What is expected: Gather each line containing the string "with" from these entries.

Short descriptive text snippets:
● ● ● ●

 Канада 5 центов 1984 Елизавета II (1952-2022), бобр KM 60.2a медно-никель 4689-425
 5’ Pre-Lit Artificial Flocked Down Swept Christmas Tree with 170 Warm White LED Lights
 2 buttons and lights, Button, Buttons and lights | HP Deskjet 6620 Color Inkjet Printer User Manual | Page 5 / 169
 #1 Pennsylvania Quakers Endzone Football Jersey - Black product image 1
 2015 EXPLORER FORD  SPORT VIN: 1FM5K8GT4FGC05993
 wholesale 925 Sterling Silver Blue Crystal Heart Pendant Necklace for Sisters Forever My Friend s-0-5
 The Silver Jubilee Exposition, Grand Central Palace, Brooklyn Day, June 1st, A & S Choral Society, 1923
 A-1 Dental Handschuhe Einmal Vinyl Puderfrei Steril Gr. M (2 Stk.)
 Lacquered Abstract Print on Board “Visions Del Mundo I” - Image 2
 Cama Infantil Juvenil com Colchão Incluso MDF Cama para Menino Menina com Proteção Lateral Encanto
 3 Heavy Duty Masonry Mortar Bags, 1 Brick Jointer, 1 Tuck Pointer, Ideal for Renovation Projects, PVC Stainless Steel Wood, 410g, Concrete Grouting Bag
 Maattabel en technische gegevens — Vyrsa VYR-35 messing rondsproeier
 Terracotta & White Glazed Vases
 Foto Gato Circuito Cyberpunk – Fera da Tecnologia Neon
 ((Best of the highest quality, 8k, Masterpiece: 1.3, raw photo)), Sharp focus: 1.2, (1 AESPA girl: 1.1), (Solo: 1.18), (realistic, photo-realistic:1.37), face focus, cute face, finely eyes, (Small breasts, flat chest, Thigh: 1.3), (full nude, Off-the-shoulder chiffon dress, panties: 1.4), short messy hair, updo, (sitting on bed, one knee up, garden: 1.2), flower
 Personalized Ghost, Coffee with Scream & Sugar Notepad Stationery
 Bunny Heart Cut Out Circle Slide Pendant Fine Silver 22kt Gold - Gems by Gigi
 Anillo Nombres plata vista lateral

● ● ● ●

Result below:
 5’ Pre-Lit Artificial Flocked Down Swept Christmas Tree with 170 Warm White LED Lights
 Personalized Ghost, Coffee with Scream & Sugar Notepad Stationery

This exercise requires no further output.